Hi @liamdugan 👋, I’m submitting two updated detector versions (V2) for evaluation on RAID. These models are fine-tuned versions of our previous submissions, now uploaded to Hugging Face and evaluated locally before submission.
Models:
- KewynG/Bert_IdentifyIA_V2
- KewynG/RoBERTa_IdentifyIA_V2
Changes:
- Retrained on a balanced and extended dataset derived from RAID subsets.
- Improved cleaning, tokenizer alignment, and balanced class sampling.
- Adjusted hyperparameters and checkpoints for better AUROC and recall stability.
Submission files:
- leaderboard/submissions/BERT_IdentifyIA_HF_V2/
- leaderboard/submissions/RoBERTa_IdentifyIA_HF_V2/
These submissions follow the same format as previous ones (metadata.json + predictions.json), now corresponding to the V2 detectors on Hugging Face.
Thanks again for maintaining the RAID benchmark, looking forward to seeing how these updated models perform compared to the previous V1 results.
It looks like this eval run failed. Please check the workflow logs to see what went wrong, then push a new commit to your PR to rerun the eval.
Hi @liamdugan 👋,
I've pushed an update to fix the UTF-8 BOM issue that caused the previous evaluation to fail during the hydrate.py decoding step.
The affected files were the metadata.json and predictions.json for both:
- BERT_IdentifyIA_HF_V2
- RoBERTa_IdentifyIA_HF_V2
They have now been re-saved using UTF-8 (no BOM) encoding and recommitted. Could you please re-run the evaluation for these updated submissions?
Thanks again for your help and for maintaining RAID! 🚀
It looks like this eval run failed. Please check the workflow logs to see what went wrong, then push a new commit to your PR to rerun the eval.
Hello @Gwyn9 it seems like both the BERT_IdentifyIA_HF_V2 and RoBERTa_IdentifyIA_HF_V2 metadata.json and predictions.json files were empty (0 lines). It looks like while editing the encoding you may have erased the contents of the files as well. Can you reupload them with the original contents in the new encoding?
Hi @liamdugan,
Restored full predictions.json files for BERT_IdentifyIA_HF_V2 and RoBERTa_IdentifyIA_HF_V2. Both ~58 MB, valid UTF-8 (BOM removed), verified via json.tool. Rebased cleanly and pushed to main; workflow ready for automatic re-evaluation.
Thank you!!
Eval run succeeded!

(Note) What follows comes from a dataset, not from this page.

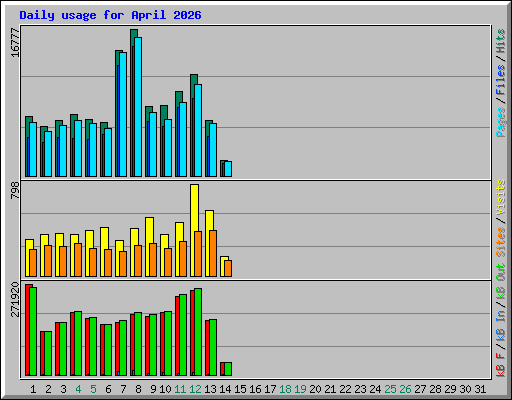 Daily usage for April 2026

Link to run: link
Here are the results of the submission(s):
RoBERTa_IdentifyIA_HF_V2
Release date: 2025-02-01
I've committed detailed results of this detector's performance on the test set to this PR.

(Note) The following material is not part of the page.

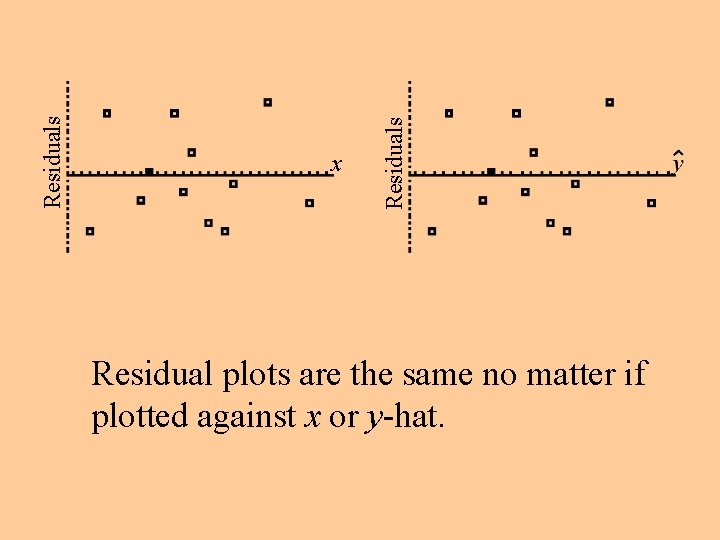 Residuals x Residual plots are the same no matter if plotted against x or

On the RAID dataset as a whole (aggregated across all generation models, domains, decoding strategies, repetition penalties, and adversarial attacks), it achieved an AUROC of 79.26 and a TPR of 40.50% at FPR=5% and 19.97% at FPR=1%. Without adversarial attacks, it achieved AUROC of 84.04 and a TPR of 45.51% at FPR=5% and 22.91% at FPR=1%.
BERT_IdentifyIA_HF_V2
Release date: 2025-02-01
I've committed detailed results of this detector's performance on the test set to this PR.

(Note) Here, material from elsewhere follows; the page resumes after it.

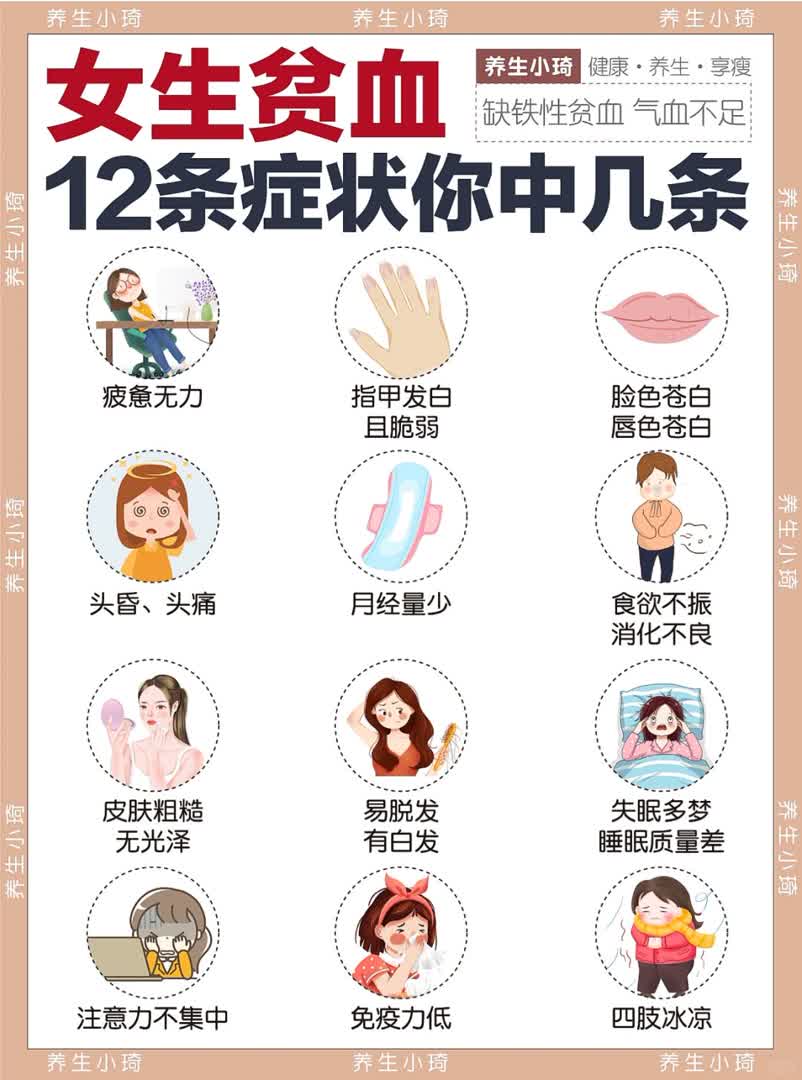 气血不足表现I请大数据把我推给补气血姐妹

On the RAID dataset as a whole (aggregated across all generation models, domains, decoding strategies, repetition penalties, and adversarial attacks), it achieved an AUROC of 85.65 and a TPR of 63.22% at FPR=5% and 48.17% at FPR=1%. Without adversarial attacks, it achieved AUROC of 89.44 and a TPR of 70.74% at FPR=5% and 54.87% at FPR=1%.
If all looks well, a maintainer will come by soon to merge this PR and your entry/entries will appear on the leaderboard. If you need to make any changes, feel free to push new commits to this PR. Thanks for submitting to RAID!
Hey @Gwyn9 would you like me to merge this into RAID?